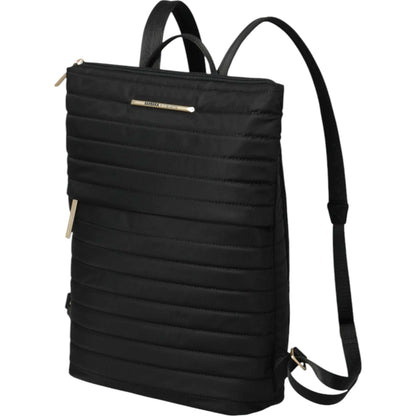 Travelite Barbara Stepp Rucksack 39 cm -black KOFFER-PLUS.COM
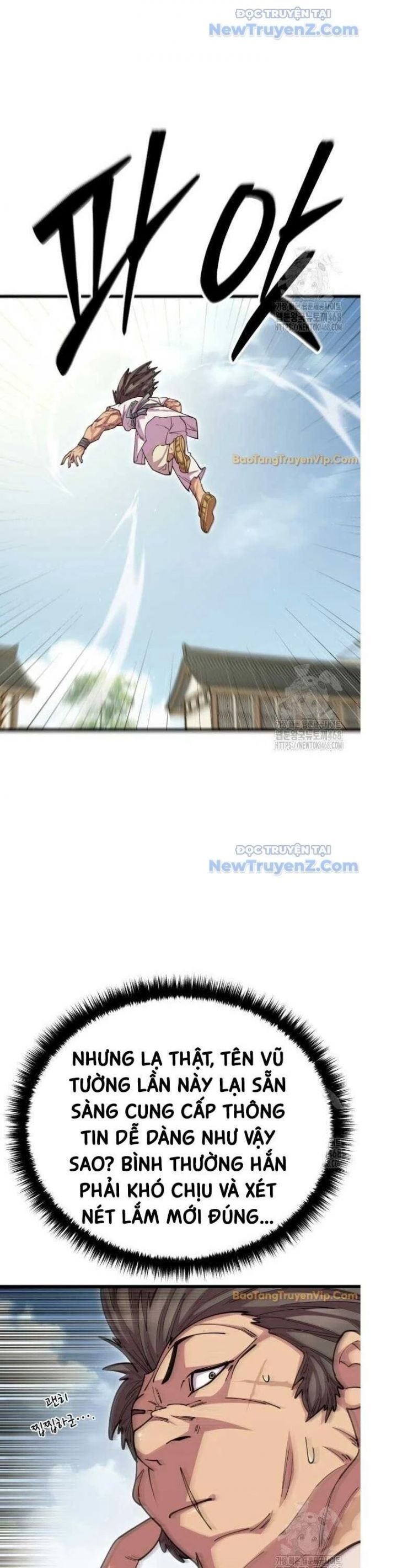 đọc truyện Thiên Hạ Đệ Nhất Đại Sư Huynh Chương 127 ảnh 11 tại Thiên Thai Truyện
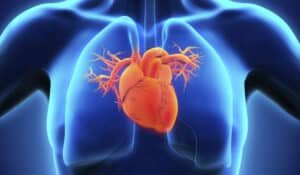 تشخيص ثقب القلب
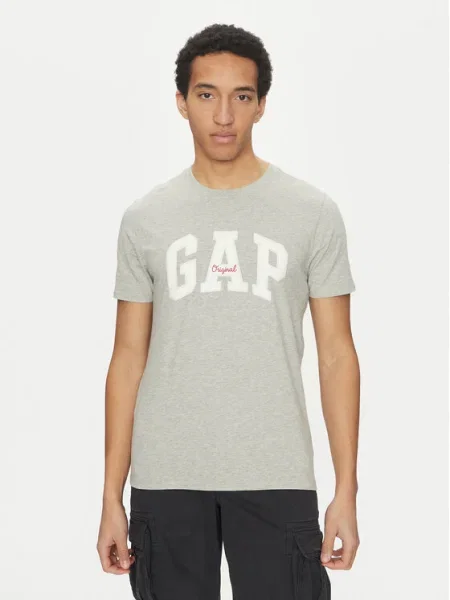 Gap Tricou gri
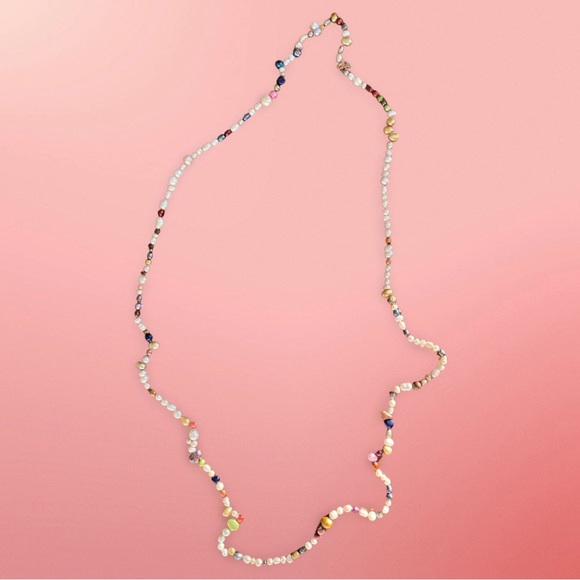 Natural Gemstone Jewelry 💎 - Picture 1 of 4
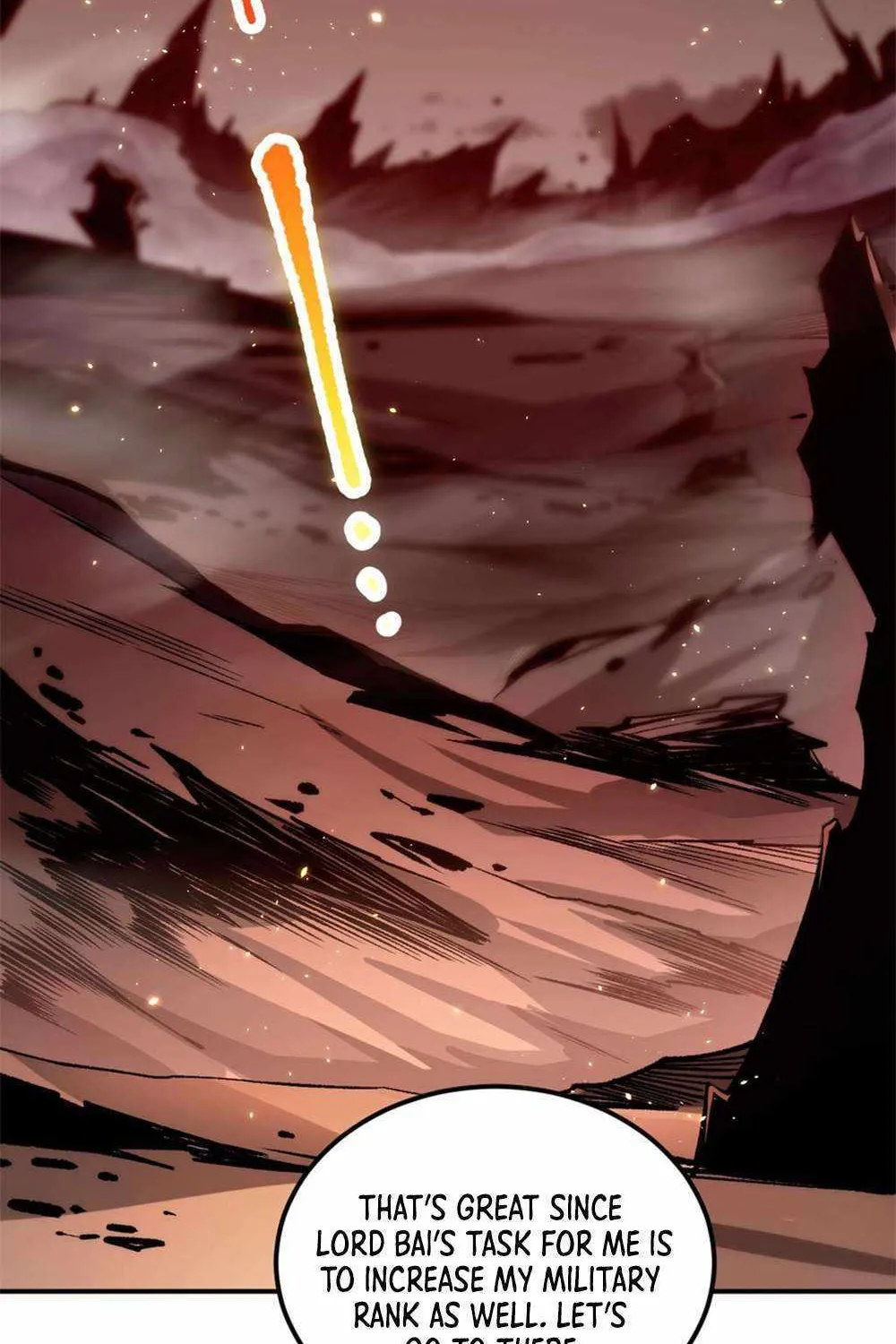 Catastrophic Necromancer Chapter 55 page 16 -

Task instructions → Copy exactly, and only, the lines running from the one containing "تشخيص ثقب القلب" through the final line of the data, and omit the pictures.

Answer →
 تشخيص ثقب القلب
 Gap Tricou gri
 Natural Gemstone Jewelry 💎 - Picture 1 of 4
 Catastrophic Necromancer Chapter 55 page 16 -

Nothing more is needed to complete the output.